Bouma, Soc 110

Handout #1, Data Analysis Project

Investigating the Effect of Race and Gender on Earnings in the US[1]

For the past couple weeks, we have been discussing inequality in America. Often, we think of power – and inequality - in terms of money. Who has more money, and thus, in general, more access to opportunities and resources? Who makes the most money, and who makes the least? Does income differ for men and women, and for whites and people of color? In this exercise, we will examine earnings data for all full-time workers in the US. The data come from the 2008American Community Survey (ACS). You will be able to examine data for the nation as a whole, for Kentucky, and for a state of your choosing.

LEARNING GOALS:

A. Substantive: Students will be able to:

1. Discuss and write about the influence of race and gender on earnings, by examining 2008American Community Survey data. You will be able to use data to explain whether men make more than women and whether whites earn more than people of color.

2. Use data to make national, regional and state comparisons in terms of earnings. You will be able to compare Kentucky to the nation as a whole, in terms of income inequality, as well as comparing Kentucky to another state of their choosing. The data shown in the tables for this worksheet come from

which access acs2008 data in the Earn dataset.

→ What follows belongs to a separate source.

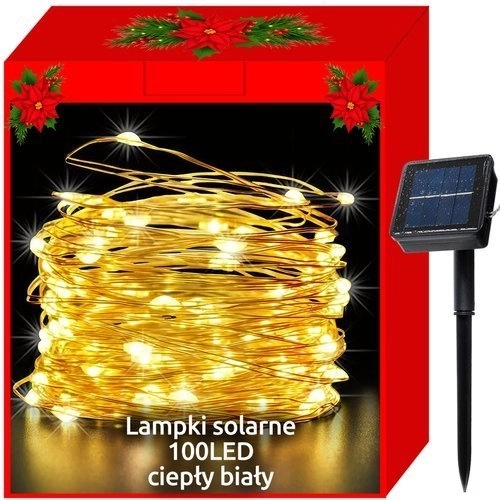 Zonne-lichtsnoer met draad, kerstverlichting 100 LED – Warm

B. Methodological/Quantitative Skills: Students will acquire the following skills, related to data analysis:

1. Interpretation: Students will be able to:

  • Read and report basic frequencies from a large data set
  • Describe bivariate tables, both orally and in writing

2. Representation: Students will be able to:

  • Take raw data in tabular form and create properly formatted and labeled tables

3. Application/Analysis: Students will be able to:

Manipulate variables in a large data set using a basic statistical package

  • Identify independent and dependent variables
  • Form hypotheses about the relationship between two variables
  • Analyze relationship between two variables as presented in bivariate table.

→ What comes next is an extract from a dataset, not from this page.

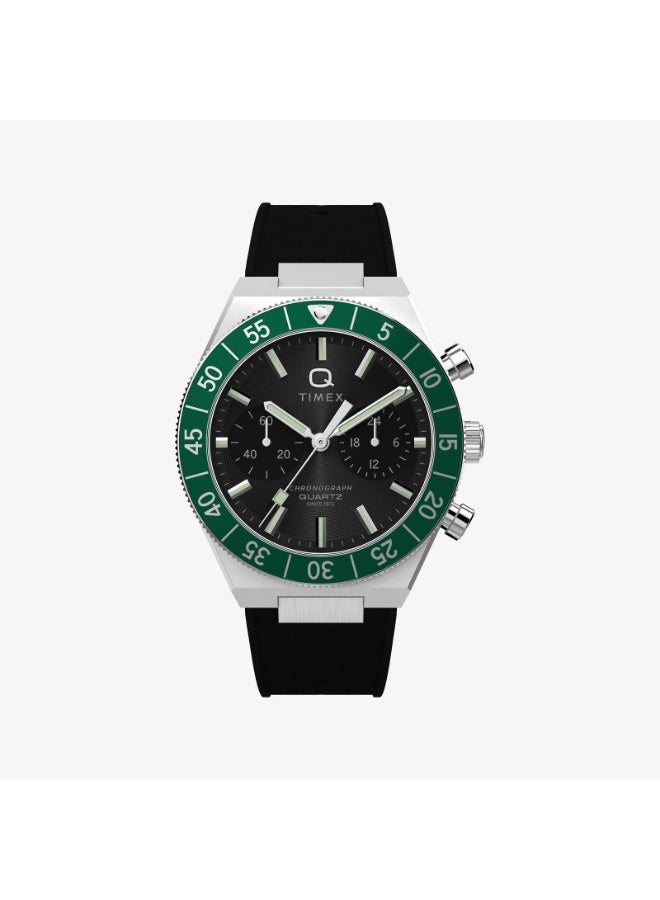 Timex Men's Silver-Tone SS, Black Silicone | TW2Y56100 - Image 1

4. Communication: Students will be able to:

  • Present hypotheses and findings for relationship between two variables in informal presentation and in a paper that tells a story about the effects of race and gender on income, using numbers as evidence

5. Confidence: Students will feel more comfortable

  • reading and discussing data from a table
  • writing about and using percentages to make an argument

VARIABLES: For this exercise, we will be examining the following variables: earnings, race, gender, and age. Although there are many ways in which each could be conceptualized, the following ways are those used by the U.S. Census Bureau and the Bureau of Labor Statistics:

EARNINGS: Money a person makes from working, as wages, salary, or a form of self-employment, expressed as an annual amount

SEX (Gender) - individual’s self-identification as either male or female.

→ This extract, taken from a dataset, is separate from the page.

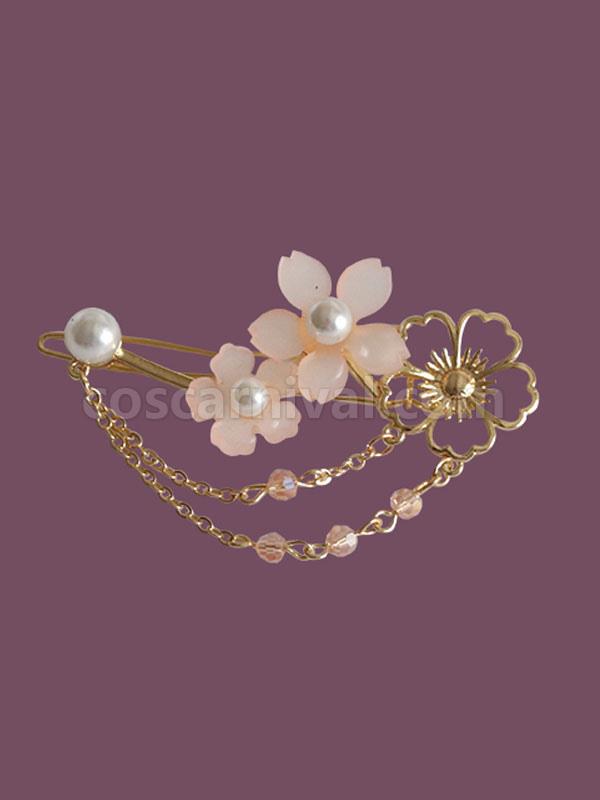 Wa Lolita Headdress Pink Metal Flowers?Fringe Sakura Pattern Headwear Lolita Hair Accessories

AGE: - age divided into the following categories: 16-24, 25-34, 35-44, 45-54, 55-64, 65+

RACE (RaceLat) – individual’s self-identification as:

  • Non-Hispanic White (NHwhite) – all persons who indicated their race as white and not of Hispanic origin.
  • Black – all persons who indicated their race as black.
  • Asian (or Pacific Islander) – includes all persons who indicated their race or ethnicity as Chinese, Filipino, Japanese, Asian Indian, Korean, Vietnamese, Cambodian, Hmong, Laotian, Thai, or other Asian as well as Hawaiian, Samoan, Guamanian or other Pacific Islander.
  • Hispanic– persons of white or “other” races who identified themselves as Mexican, Puerto Rican, Cuban, or Other Spanish/Hispanic. This category can refer to ancestry, nationality group, lineage, or country of birth of the person’s parents or ancestors before their arrival in the U.S.
  • American Indian (AmIndian) – all persons who classified themselves as American Indian, Eskimo or Aleut.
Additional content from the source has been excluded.